IOMMU group for guest GPU
IOMMU Group 16: 08:00.0 VGA compatible controller [0300]: Advanced Micro Devices, Inc. [AMD/ATI] Navi 21 [Radeon RX 6950 XT] [1002:73a5] (rev c0) IOMMU Group 17: 08:00.1 Audio device [0403]: Advanced Micro Devices, Inc. [AMD/ATI] Navi 21/23 HDMI/DP Audio Controller [1002:ab28]

GRUB EDIT:
GRUB_CMDLINE_LINUX_DEFAULT="loglevel=8 amd_iommu=on iommu=pt vfio-pci.ids=1002:73a5,1002:ab28"

updated using sudo grub-mkconfig -o /boot/grub/grub.cfg

/etc/mkinitcpio.conf changes:
MODULES=(vfio_pci vfio vfio_iommu_type1)
HOOKS=(base vfio udev autodetect modconf kms keyboard keymap consolefont block filesystems fsck grub-btrfs-overlayfs)

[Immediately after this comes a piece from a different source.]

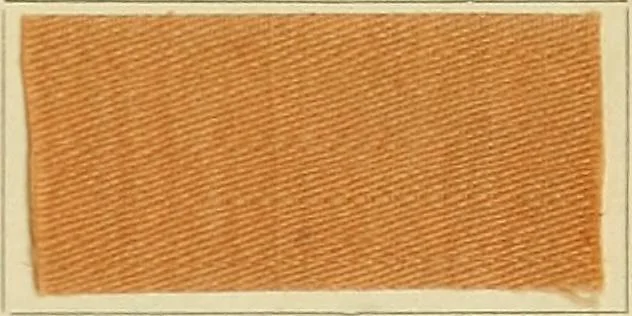 An illustration from Garment dyeing. Cassella Color Company (American branch of Leopold Cassella & Co.), 1910, leaf 59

updated using # sudo mkinitcpio -p linux-zen

Additonal system info:
OS: Arch Linux x86_64
Host: B550 PG Velocita
Kernel: 6.6.1-zen1-1-zen
Shell: bash 5.2.15
DE: Xfce 4.18
WM: Xfwm4 WM
CPU: AMD Ryzen 9 5900X (24) @ 3.700GHz
GPU: AMD ATI FirePro W2100 (radeon, amdgpu drivers)
GPU: AMD ATI Radeon RX 6950 XT (amdgpu driver)
Memory: 6293MiB / 32015MiB

Things I have tried:
- Following PCI passthrough guide on Arch Wiki
- Installing linux-lts,linux-zen for easier troubleshooting if unable to boot
- Passing through just VGA card and not audio device
- Placing gpu drivers (amdgpu,radeon) before/after vfio modules in mkinitcpio.conf
- Trying wiki edits in linux and linux-zen kernels
- Updating system via pacman -Syu
- Binding device via kernel parameters and via /etc/modprobe.d/vfio.conf
- Following example from https://wiki.archlinux.org/title/PCI_pa … F/Examples section 1.22 (Blacklisting amdgpu driver), and 1.28 (softdep amdgpu pre: vfio-pci)
- Checking forums (https://bbs.archlinux.org/viewtopic.php?id=280512)
- This guide results in no change

I appreciate your time and support with this issue, please let me know if there is any additional information you may need or would like to point me towards.

SOLVED:

What I've done:
* Install drivers for W2100 GPU through https://wiki.archlinux.org/title/ATI, installing all packages through pacman and add XORG configuration
* Blacklist AMDGPU drivers in BIOS
* HDMI cable for W2100 GPU was unplugged, may have been the issue all along but cannot verify

File changes:

/etc/default/grub

GRUB_CMDLINE_LINUX_DEFAULT="module_blacklist=amdgpu loglevel=8 hugepagesz=1GB hugepages=3 vfio-pci.ids=1002:73a5,1002:ab2"
#sudo grub-mkconfig -o /boot/grub/grub.cfg

/etc/mkinitcpio.conf

MODULES=(vfio_pci vfio_iommu_type1 vfio)
HOOKS=(base udev autodetect modconf kms keyboard keymap consolefont block files filesystems fsck grub-btrfs-overlayfs)
#sudo mkinitcpio -p linux-zen


#lspci -knn

03:00.0 VGA compatible controller [0300]: Advanced Micro Devices, Inc. [AMD/ATI] Oland GL [FirePro W2100] [1002:6608]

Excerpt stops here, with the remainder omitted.